TASK BRIEF: Output exactly the lines below, starting with the line that has "Baylee Half-Moon Crossbody: Black" and going on through the line that has "Furhaven Cooling Gel", both included, and no other lines.

** EXTRACTED ENTRIES follows **

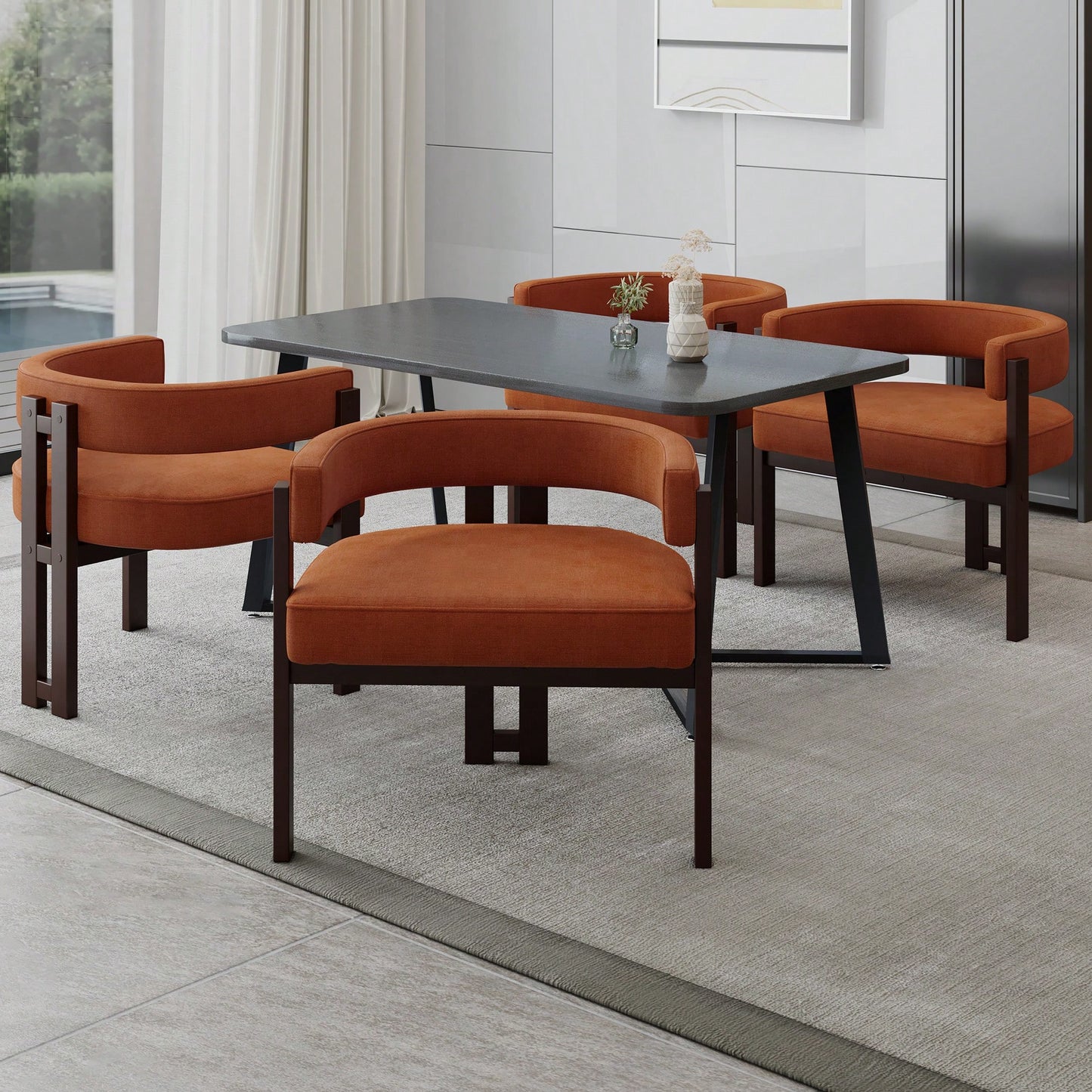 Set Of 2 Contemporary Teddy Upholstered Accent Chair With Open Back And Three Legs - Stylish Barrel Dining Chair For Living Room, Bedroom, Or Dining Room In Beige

** End of EXTRACTED ENTRIES **
** EXTRACTED ENTRIES follows **

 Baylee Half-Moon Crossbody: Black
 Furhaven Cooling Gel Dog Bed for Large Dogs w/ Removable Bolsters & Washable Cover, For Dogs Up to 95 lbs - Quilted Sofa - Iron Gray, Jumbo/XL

** End of EXTRACTED ENTRIES **
** EXTRACTED ENTRIES follows **

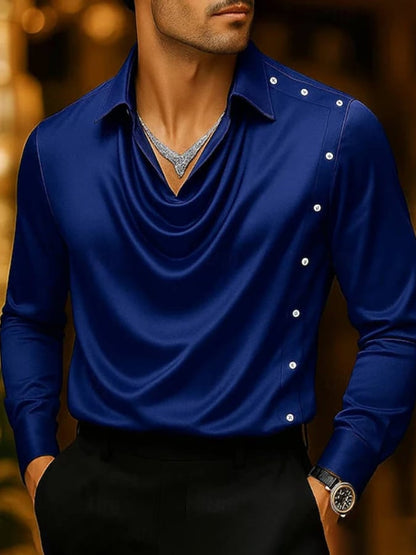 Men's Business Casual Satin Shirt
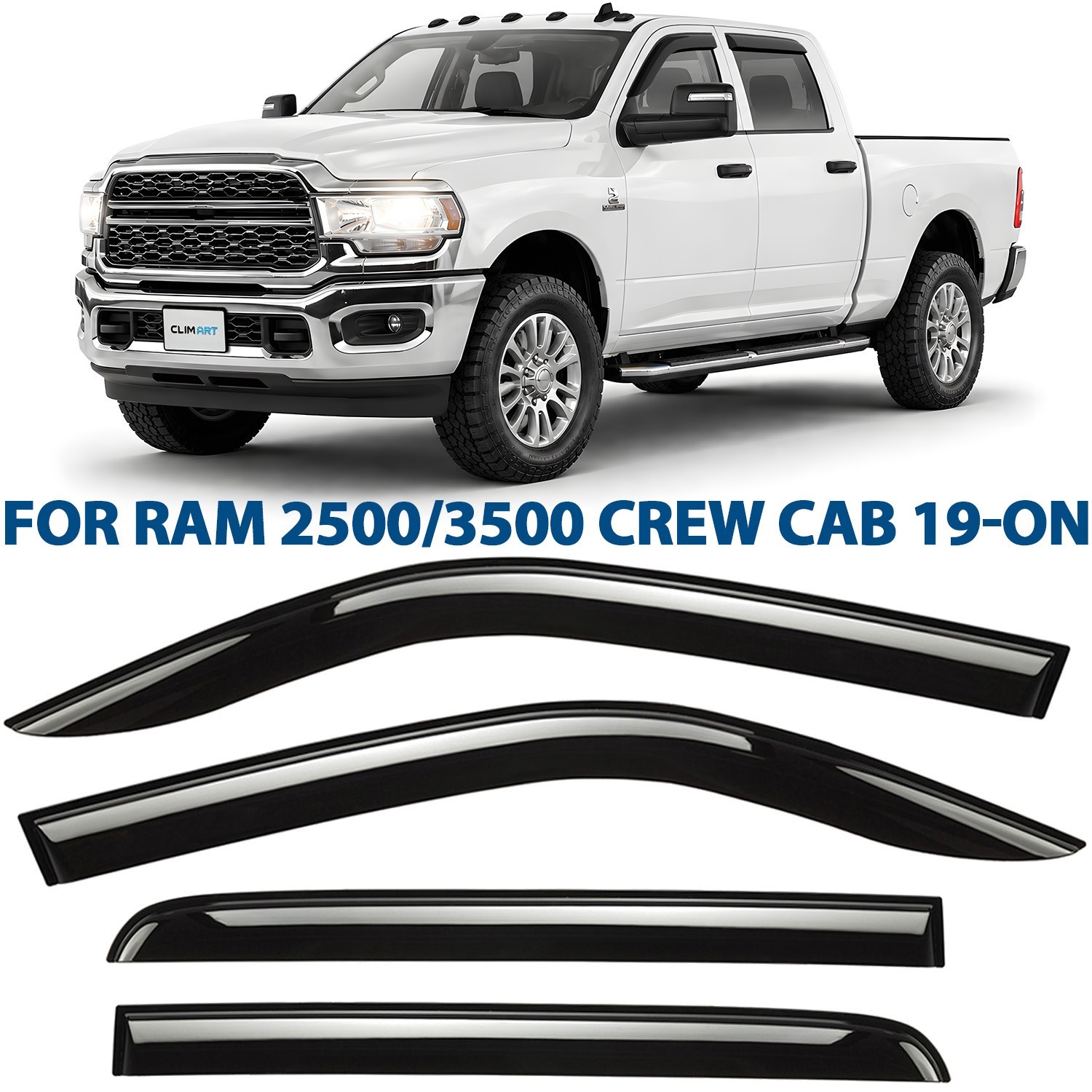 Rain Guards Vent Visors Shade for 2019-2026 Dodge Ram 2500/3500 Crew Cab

** End of EXTRACTED ENTRIES **

ANSWER BOX:
 Baylee Half-Moon Crossbody: Black
 Furhaven Cooling Gel Dog Bed for Large Dogs w/ Removable Bolsters & Washable Cover, For Dogs Up to 95 lbs - Quilted Sofa - Iron Gray, Jumbo/XL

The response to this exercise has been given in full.